— YOUR INSTRUCTIONS —
Retype the listing below exactly, pictures removed.

*** Opening of DATA EXTRACT ***

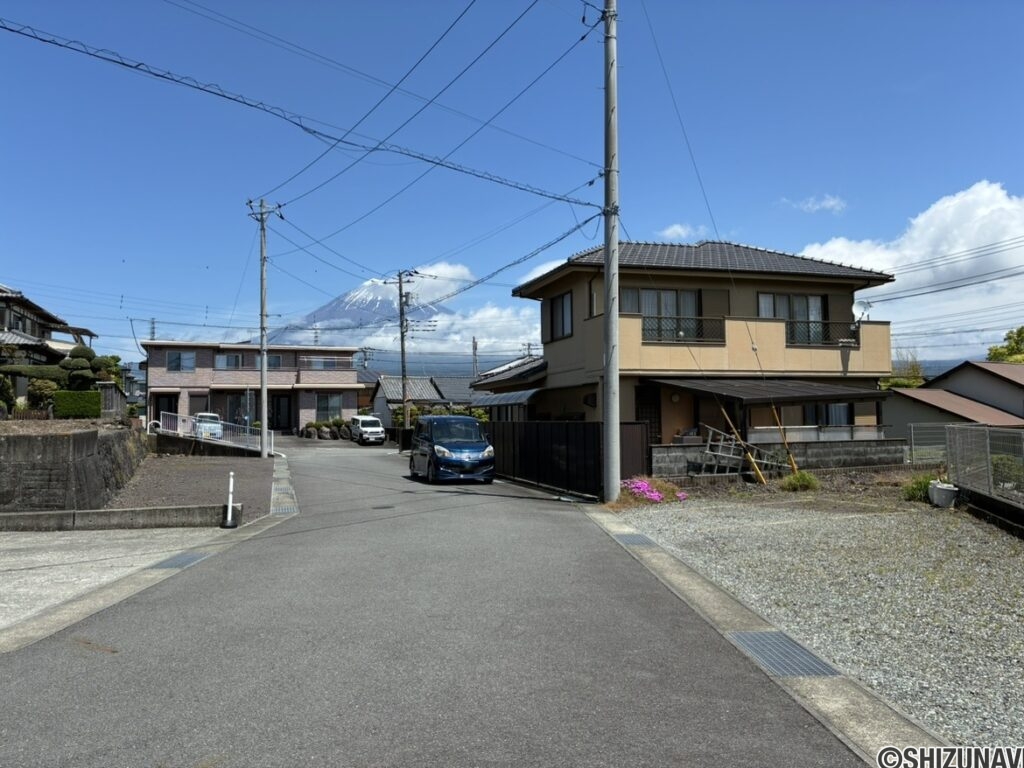 富士市入山瀬２丁目　中古住宅 「鷹岡小学校・鷹岡中学校」の画像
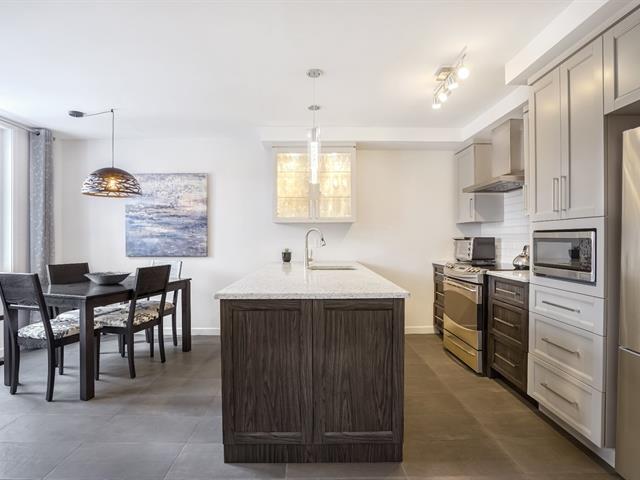 Duplex sold, Montréal (Ahuntsic-Cartierville)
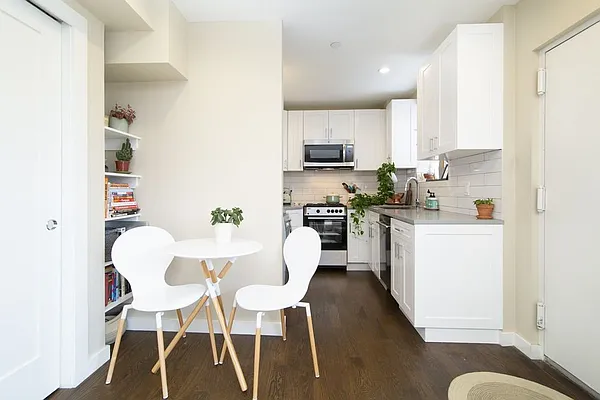 Rented by REAL New York | media 4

*** Close of DATA EXTRACT ***

— RESPONSE BOX —
 富士市入山瀬２丁目　中古住宅 「鷹岡小学校・鷹岡中学校」の画像
 Duplex sold, Montréal (Ahuntsic-Cartierville)
 Rented by REAL New York | media 4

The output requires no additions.